Horse racing: Out of the ashes Wednesday, May 7 2008
Gaming 12:56 pm
This is horse racing’s darkest hour.
For the breeders and trainers who make a living off the sport, the despair is palpable. For the jockeys who guide these beautiful athletes, the sadness is tremendous. And for those of us who regularly stand track-side or huddle around simulcast screens, the horror is profound.
Our sport is one that long ago departed the mainstream. Seediness abounds in the gambling halls; many of our arenas have been forced to set aside their dignity and beg for slot machines. Yet four times each year we are allowed to radiate pride, opening our doors to national television audiences and showing off the prowess of our finest athletes. For five weeks each summer, and one weekend in the fall, we reclaim the glory of being the Sport of Kings. The red carpet is rolled out for our celebrity friends, the creaky confines of Pimlico are covered up, and our increasingly dire situation is temporarily forgotten.

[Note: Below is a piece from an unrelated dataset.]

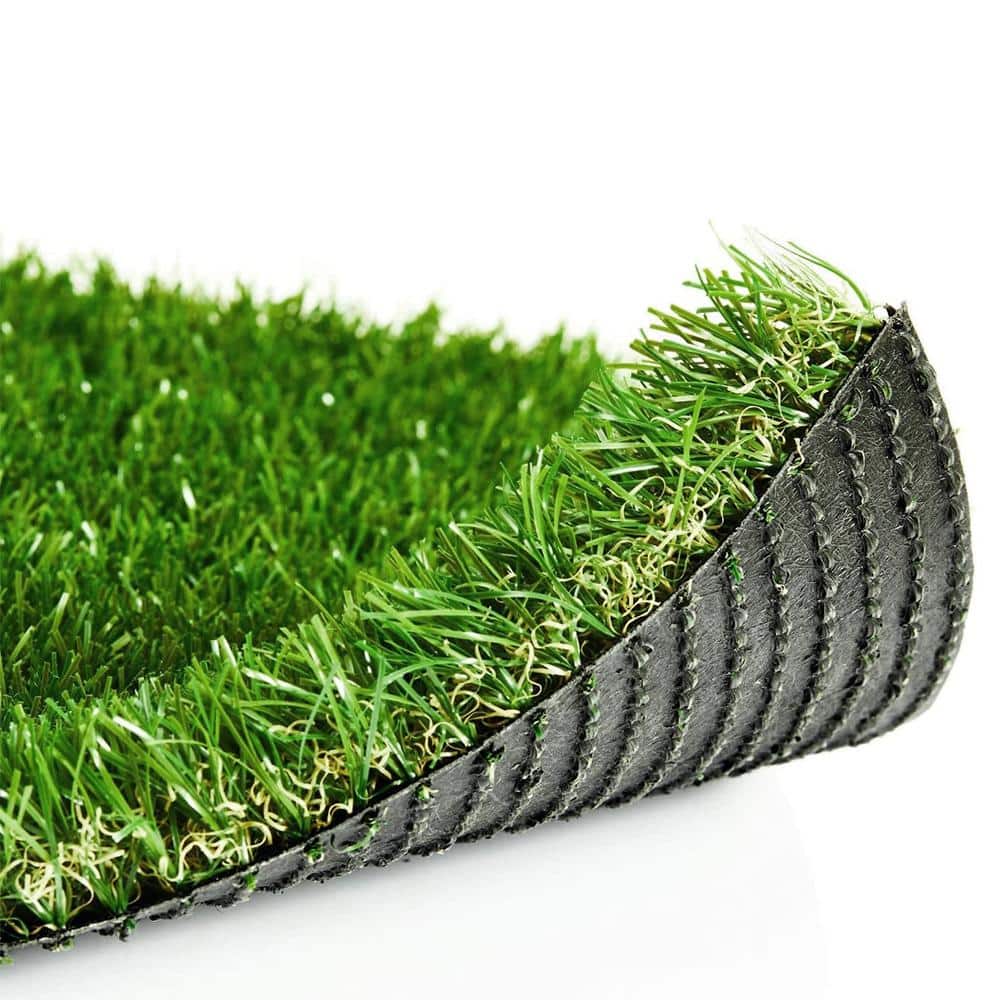 LITA Premium Deluxe 1.38 in. Pile Height 13 ft. W x Cut to Length Green Artificial Grass Turf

So when, on the first Saturday in May – our most revered occasion – at Churchill Downs – our most revered arena – our most horrendous nightmare became a reality, we were horrified.
The media understands this. But what seems to have escaped the cruel penmanship of our critics is that the sorrow resonating through the racing world is not borne out of the embarrassment of euthanizing a horse at the end of an NBC telecast; the sorrow derives strictly from euthanizing a horse.
This is, of course, the second time in recent memory an otherwise shining moment has ended in tragedy. Barbaro was better known – a Kentucky Derby winner who had garnered a national following by the time he lost his prolonged battle. For Eight Belles, fame came mostly in death – a Billie Jean King-esque inspiration who outran 18 of the finest three-year-old horses in the world and fatally collapsed moments later.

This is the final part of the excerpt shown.